¡QUE VIVA LA PILARICA FELIZ FIESTA PATRONAL!

Comparto con ustedes un hermoso texto del Periodista Joaquín Vargas Coto.

La Leyenda de la Virgen del Pilar*

(FOTO LEONARDO JIMENEZ)

JOAQUÍN VARGAS COTO (†) Reproducción

“Hace algún tiempo, con ocasión de haberse propuesto en el Congreso de la República un proyecto de ley para que se otorgase a la población de Tres Ríos el título de ciudad, los vecinos de este lugar protestaron con viveza, alegando que su deseo era el de que se siguiera denominando a este pueblo Villa de Nuestra Señora del Pilar de La Unión de Tres Ríos, como, según consta en documentos oficiales, ya se denominaba desde antes del año de la independencia nacional.

En aquellos días pude recoger algunas leyendas interesantes entre ellas las que me propongo transcribir en estas cuartillas, la cual se refiere a la manera cómo se consagró el pueblo de Tres Ríos a la devoción de la Virgen del Pilar, su patrona desde hace más de un siglo; de rústicas fuentes brota el agua de esta leyenda; en los mismos labios de los campesinos lugareños recogí esta tradición que es ingenua como un cuento primitivo y bella como todas las leyendas populares.

Quien la lea, encontrará que tiene en su sencillez gran similitud con la tradición aragonesa, trasunto de la cual es sin duda, de la aparición de la Pilarica en Zaragoza la heroica.

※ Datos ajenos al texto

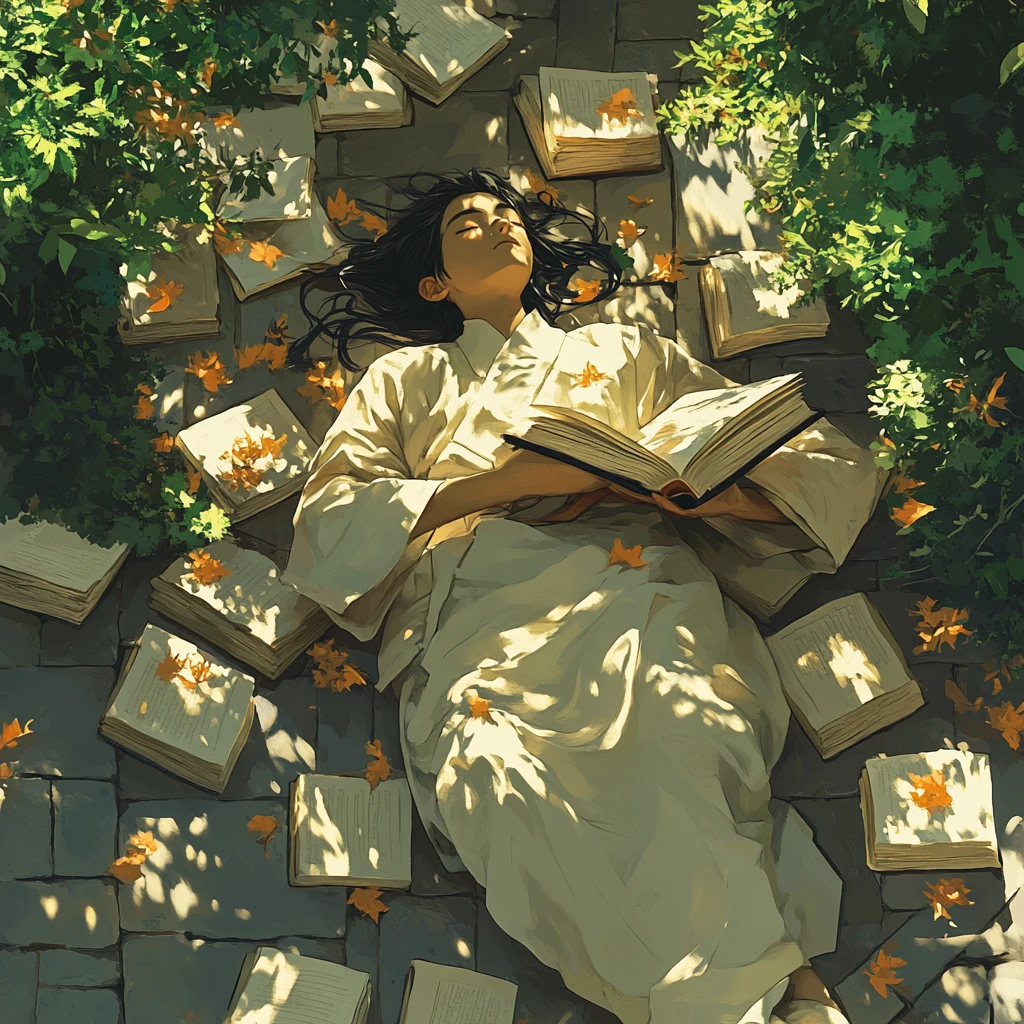 学童林荫梦书眠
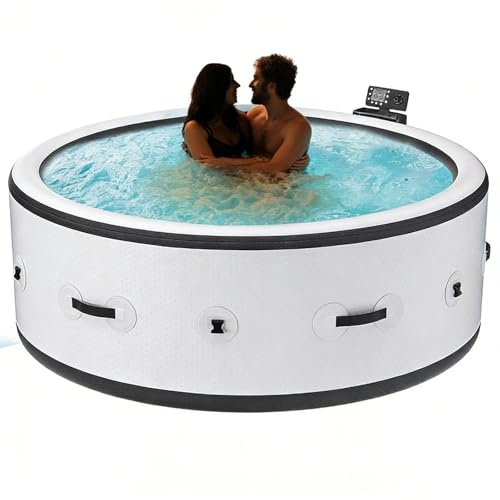 SHUMIAO Vasca da Bagno Gonfiabile da 2500 W, Vasca Idromassaggio per Piscina Termale per 4-6 Persone, 150 Getti Massaggianti E Luci LED, per Terrazza, Giardino E Spazi Esterni (206 X 206 X 71 cm)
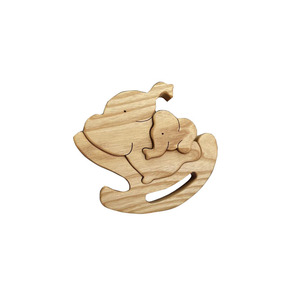 <strong>Wooden</strong> <strong>Personalised</strong> Mom Elephant and Baby Elephant <strong>Puzzle</strong> in a Rocking Chair Family Elephant Balance Toy Expecting Mom Gift - Product Image 1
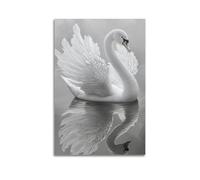 Canvas Wall Art Picture Animal Poster Elegant White Swan Modern Living Room Bedroom Decor 20x30inch(50x75cm)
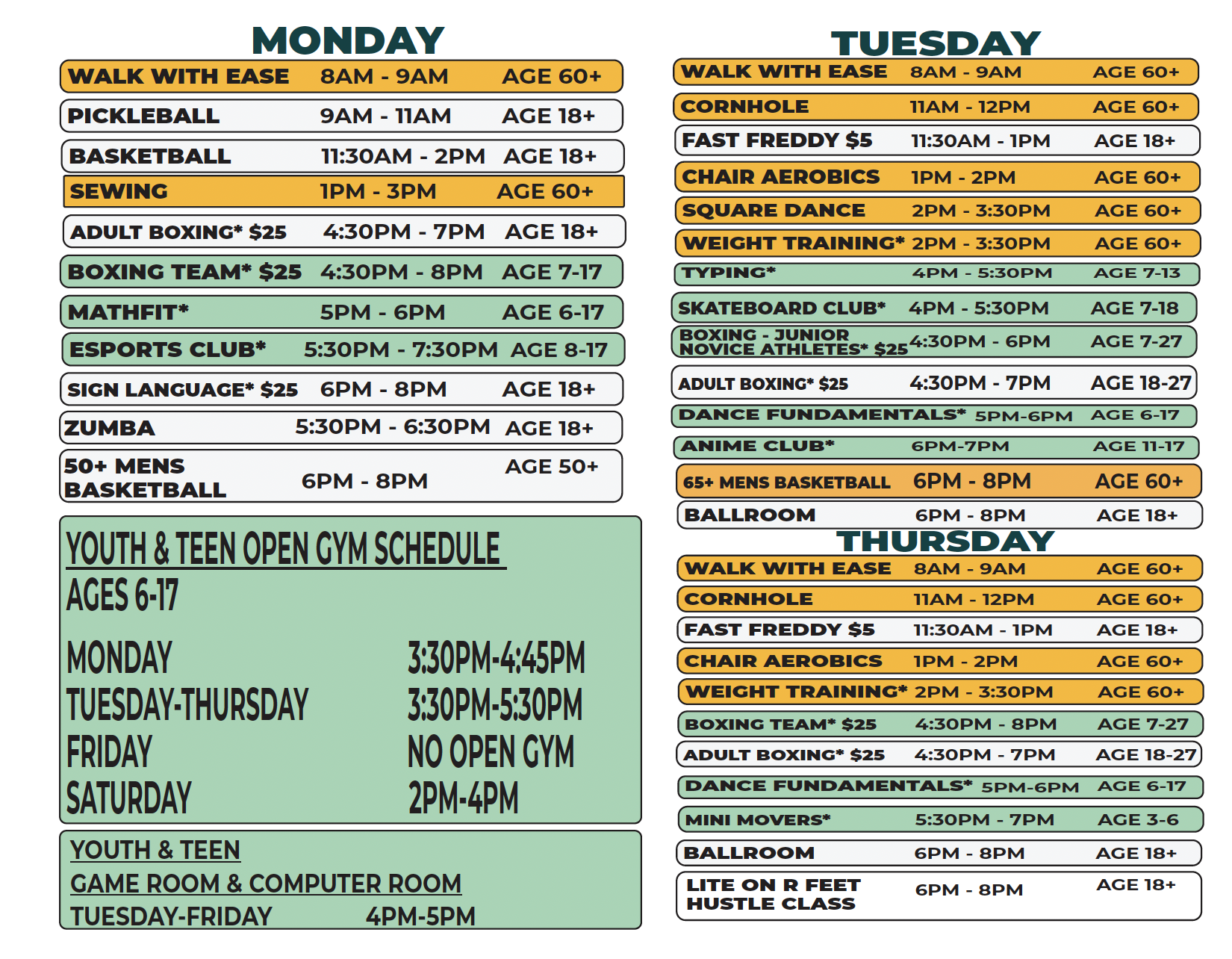 Adams Butzel Complex Spring 2026 Schedule (Monday/Tues/Thurs)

Fue en los tiempos coloniales: el pueblo, cabañal primitivo, vivía su infancia al pie del cerro verde de La Carpintera, y en el valle circundado de alturas protectoras, entre la montaña espesa se encontraban pequeños campos limpios para el laboreo. Solos, o agrupados de dos en dos, de tres en tres, a la vera de atajos y sendas se desparramaban los ranchos en los claros del bosque; una que otra casa de adobes, con paredes revocadas y enjalbegadas, levantaba el orgullo de su destacada arquitectura entre el rancherío. Los mayores núcleos de población no se encontraban en la villa actual, sino hacia el suroeste, por el río Tiribí abajo, en San Diego, La Rejoya y El Ingenio. Sin embargo los de Tres Ríos tenían su templo donde veneraban a su primitiva patrona la Virgen de la Luz y donde los de abajo hacían sus fiestas a la del Socorro. Donde hoy se encuentra la casa que todos en el pueblo conocen con el nombre de casa de las Paz, estaba el templo, construcción techada a medias con tejas de barro colorado y paja. Una sola campana había en ella, y sus ecos cristalinos volaban por todo el valle a diversas horas: a la del amanecer con el Ave Stella Matutina, al medio día anunciando éste y a la del crepúsculo vespertino con las notas dulcemente melancólicas del Angelus.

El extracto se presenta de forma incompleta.